*** Information shown Section Begins ***

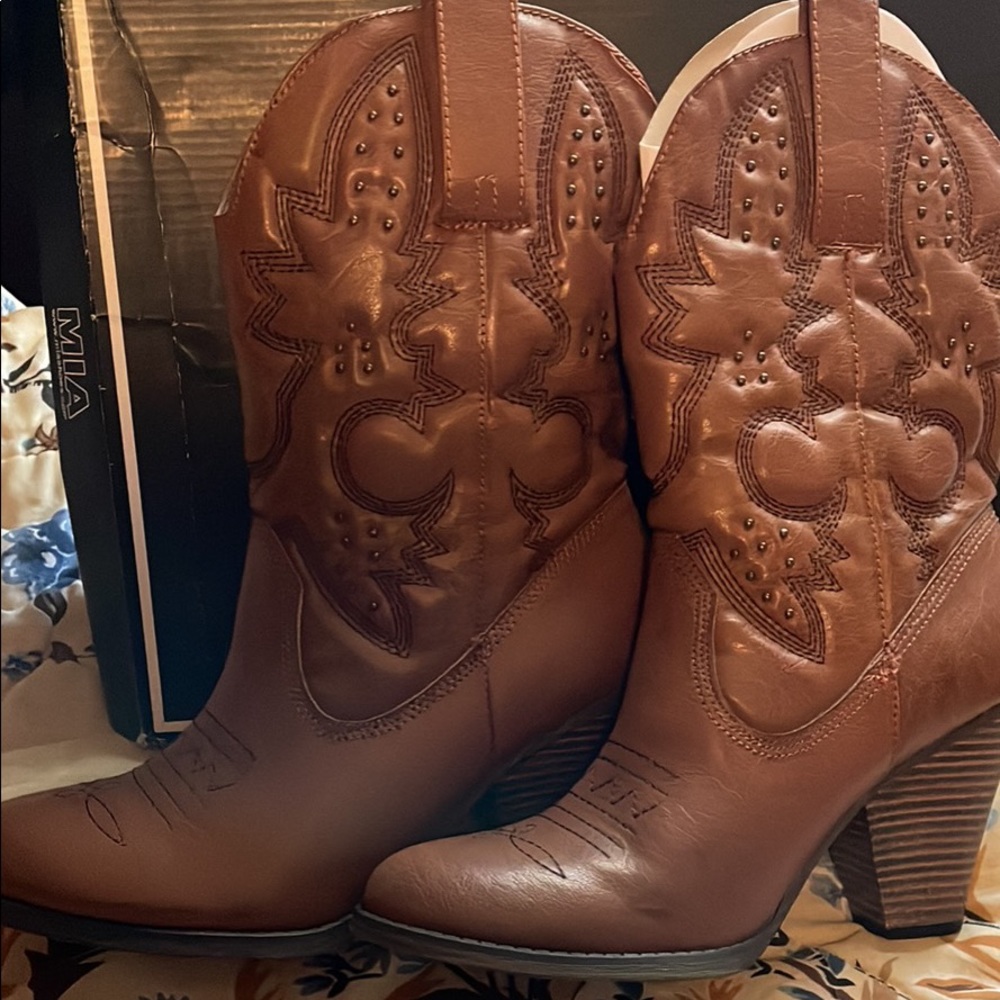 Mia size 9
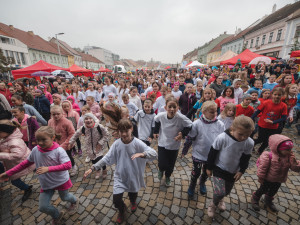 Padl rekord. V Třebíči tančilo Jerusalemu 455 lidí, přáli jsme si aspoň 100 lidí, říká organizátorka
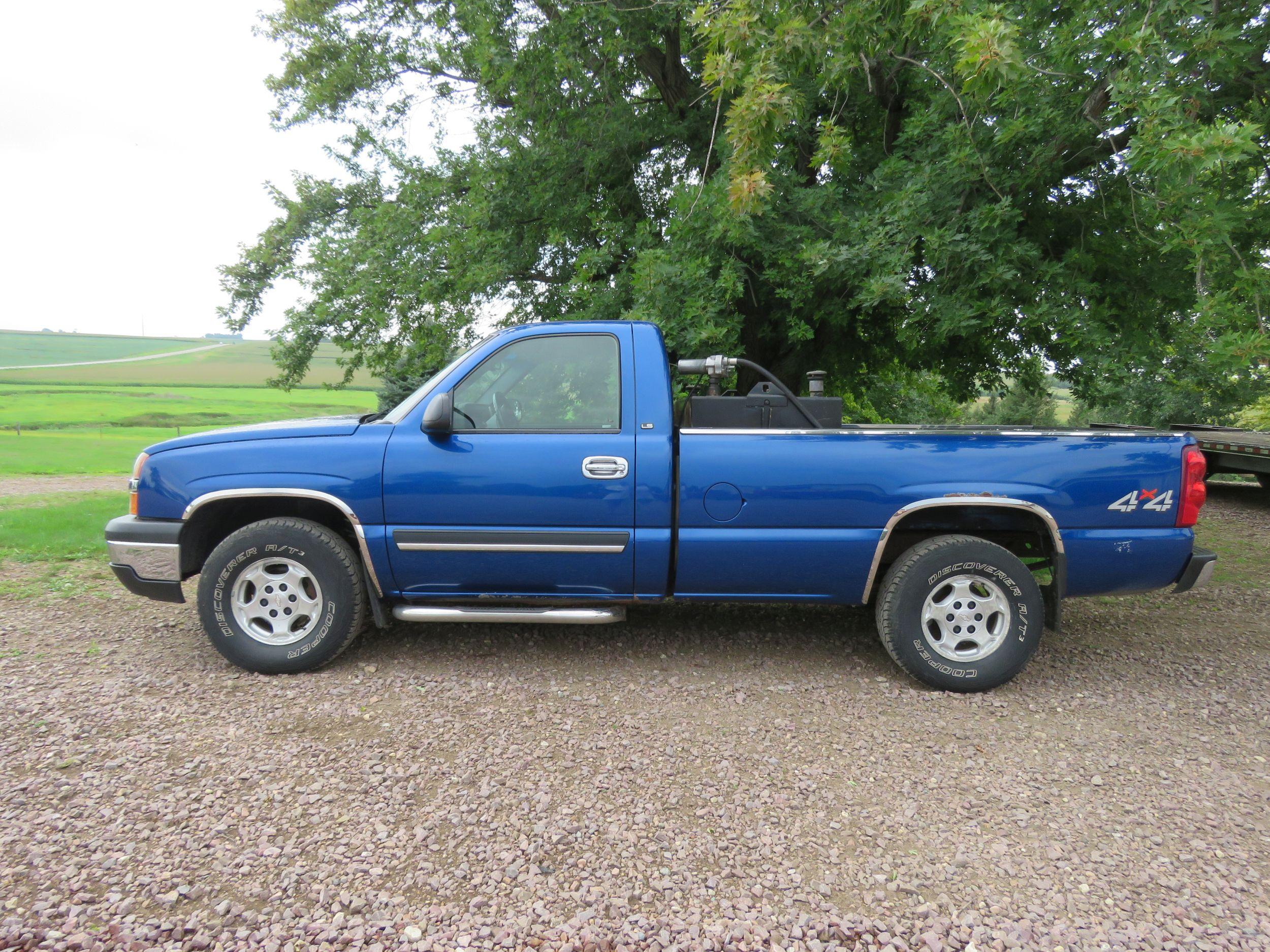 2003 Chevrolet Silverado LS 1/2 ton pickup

*** Information shown Section Ends ***

▸ Task instructions:
Write out, exactly as they appear, the lines from the one containing "Padl rekord. V" through the end of the material above, excluding pictures.

▸ Solved problem:
 Padl rekord. V Třebíči tančilo Jerusalemu 455 lidí, přáli jsme si aspoň 100 lidí, říká organizátorka
 2003 Chevrolet Silverado LS 1/2 ton pickup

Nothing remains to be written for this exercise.